Rodolfo Richter, presidente do banco Brasil Plural, também acompanha o desenvolvimento do tema com interesse. “Existindo produtos robustos disponíveis, há muita gente para investir e muita coisa para explorar”, afirmou. Por produtos, entende-se desde títulos de dívida até ações e outras estruturas.

“O produto seleção brasileira está perdendo charme, em parte como reflexo da desorganização do tema no país, e com isso, enormes oportunidades. No mundo, o futebol já é um grande produto. Os clubes estão acomodados e os torcedores ainda não entenderam a dinâmica”, disse o presidente do Brasil Plural.

Enquanto o faturamento da UEFA, entidade máxima do futebol na Europa, foi de 2,8 bilhões de euros no ano passado, a Confederação Brasileira de Futebol (CBF) teve receita equivalente a 140 milhões de euros. O Brasil, exportador de pé de obra, respondeu por aproximadamente 10% das transações com jogadores do mundo no último ano.

Entre os clubes brasileiros, o Flamengo está na liderança. Se levar o Mundial de Clubes, em dezembro, poderá ver a receita chegar perto de R$ 950 milhões, bem acima dos R$ 510 milhões do ano passado. O rubro-negro deve ser o primeiro time bilionário do Brasil. Ainda assim, mesmo com uma das maiores torcidas do planeta, com 40 milhões de pessoas, o volume é uma fração dos mais de 750 milhões de euros (o equivalente a R$ 3,5 bilhões) de faturamento que o Real Madrid, maior campeão de clubes da Europa, teve em 2018.

A situação flamenguista contrasta com a média dos times brasileiros. “Pelo menos metade dos clubes da Série A do futebol têm problemas financeiros graves”, enfatizou César Grafietti, consultor do Itaú BBA e maior especialista em finanças do futebol, em entrevista ao Valor.

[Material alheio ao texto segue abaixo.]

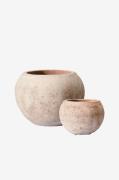 Wikholm FormKrukke Kate S/2BeigeKrukker & vaserFra Homeroom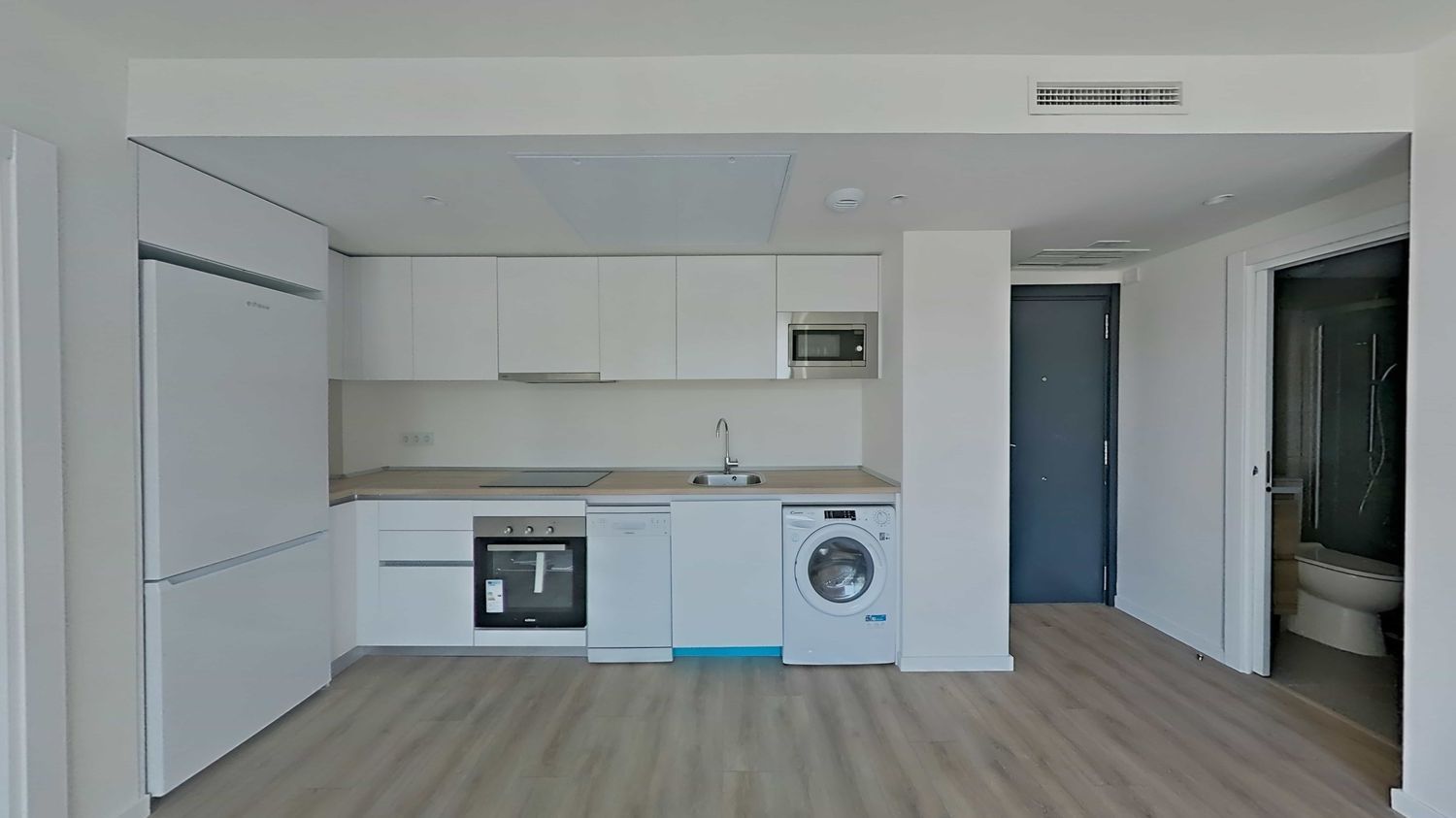 Piso en Avenida de Somosierra, 8 - Foto 20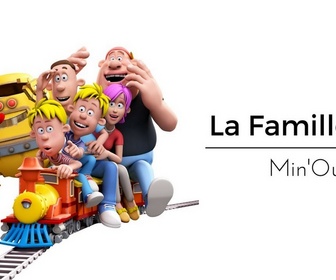Replay La Famille Ouf - Min'Ouf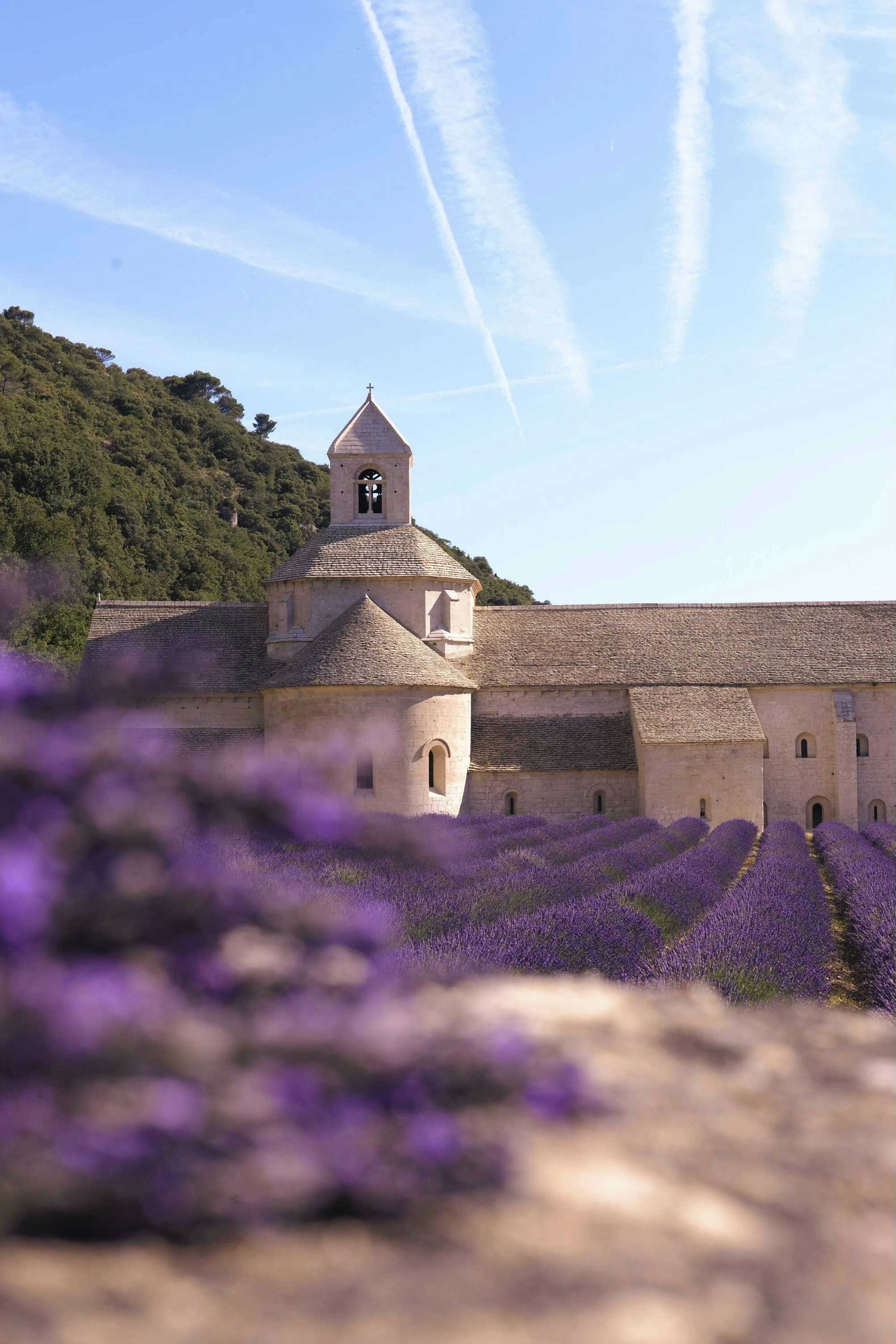 Résidences Secondaires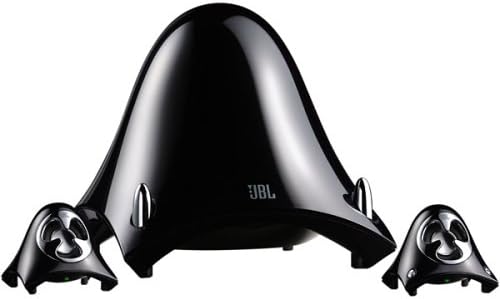 jbl creature 2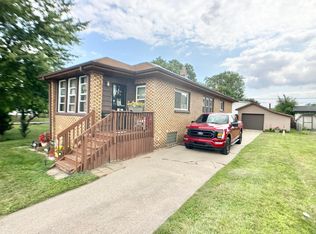 6607 Alabama Ave, Hammond, IN 46323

“Só virar empresa não é garantia de solução. Mas a experiência demonstra que a combinação de métricas de controle, como o Fair Play Financeiro, e adoção do modelo de empresa é o melhor caminho. O Brasil tem times que não conseguem se resolver sem dinheiro novo. Nem 30 anos de Fair Play Financeiro dariam jeito”, disse o consultor em evento recente sobre o assunto, realizado pelo site “No Ângulo”, no Museu do Futebol, na capital paulista.

O projeto da SAF tem como finalidade maior permitir que os clubes encontrem uma forma de ser mais atrativos para investidores. “São as garantias da Lei das S.A. com uma régua mais alta de governança e transparência de acionistas, que são questões importantes para dar segurança nesse segmento dada as enormes desconfianças”, afirmou Monteiro de Castro.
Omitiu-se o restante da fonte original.